What is the time complexity of Lasso regression? What is the asymptotic time complexity of Lasso regression as either the number of rows or columns grows?
 A: Recall that lasso is a linear model with a $l_1$ regularization.
Finding the parameters can be formulated as a unconstrained optimization problem, where the parameters are given by

$\arg \min_\beta ||y - X\beta||^2 + \alpha||\beta||_1$.

In the constrained formuation the parameters are given by

$\arg \min_\beta ||y - X\beta||^2 s.t.||\beta||_1 < \alpha$

Which is a quadratic programming problem and thus polynomial.
Almost all convex optimization routines, even for flexible nonlinear things like neural networks, rely on computing the derivative of your target w.r.t. parameters. You cannot take the derivative of $\alpha||w||_1$ though. As such you rely on different techniques. There are many methods for finding the parameters. Here's a review paper on the subject, Least Squares Optimization with L1-Norm Regularization. Time-complexity of iterative convex optimization is kind of tricky to analyze, as it depends on a convergence criterion. Generally, iterative problems converge in fewer epochs as the observations increase.
A: While @JacobMick provides a broader overview and a link to a review paper, let me give a "shortcut answer" (which may be considered a special case of his answer). 
Let the number of candidate variables (features, columns) be $K$ and the sample size (number of observations, rows) be $n$. Consider LASSO implemented using LARS algorithm (Efron et al., 2004). The computational complexity of LASSO is $\mathcal{O}(K^3 + K^2 n)$ (ibid.)


*

*For $K<n$, $K^3 < K^2 n$ and the computational complexity of LASSO is $\mathcal{O}(K^2 n)$, which is the same as that of a regression with $K$ variables (Efron et al., 2004, p. 443-444; also cited in Schmidt, 2005, section 2.4; for computational complexity of a regression, see this post).

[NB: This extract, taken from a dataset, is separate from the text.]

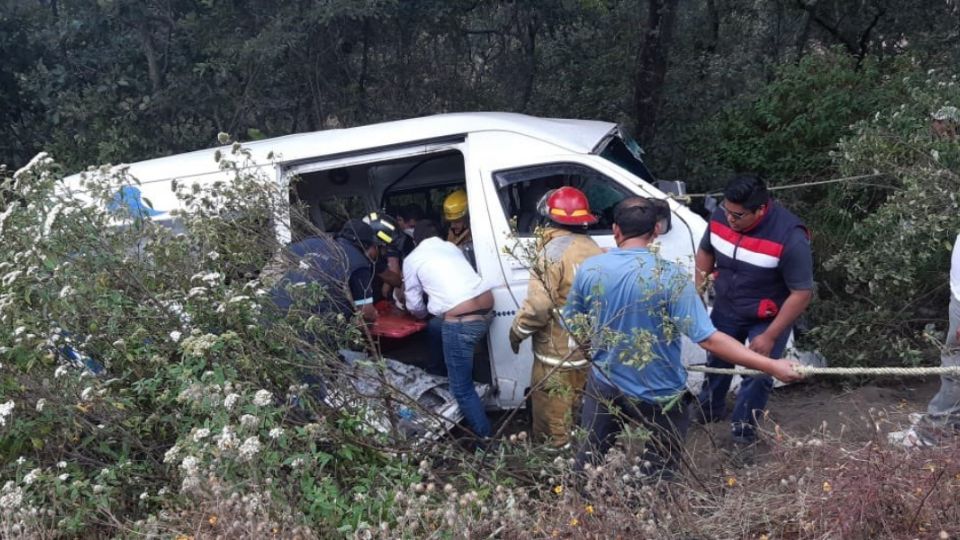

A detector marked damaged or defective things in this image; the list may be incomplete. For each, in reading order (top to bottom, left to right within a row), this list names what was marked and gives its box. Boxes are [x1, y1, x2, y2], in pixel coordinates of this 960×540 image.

crashed vehicle [62, 113, 720, 438]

*For $K \geqslant n$, $K^3 \geqslant K^2 n$ and the computational complexity of LASSO is $\mathcal{O}(K^3)$ (Efron et al., 2004).


References:


*

*Efron, Bradley, et al. "Least angle regression." The Annals of Statistics 32.2 (2004): 407-499.

*Schmidt, Mark. "Least squares optimization with l1-norm regularization." CS542B Project Report (2005).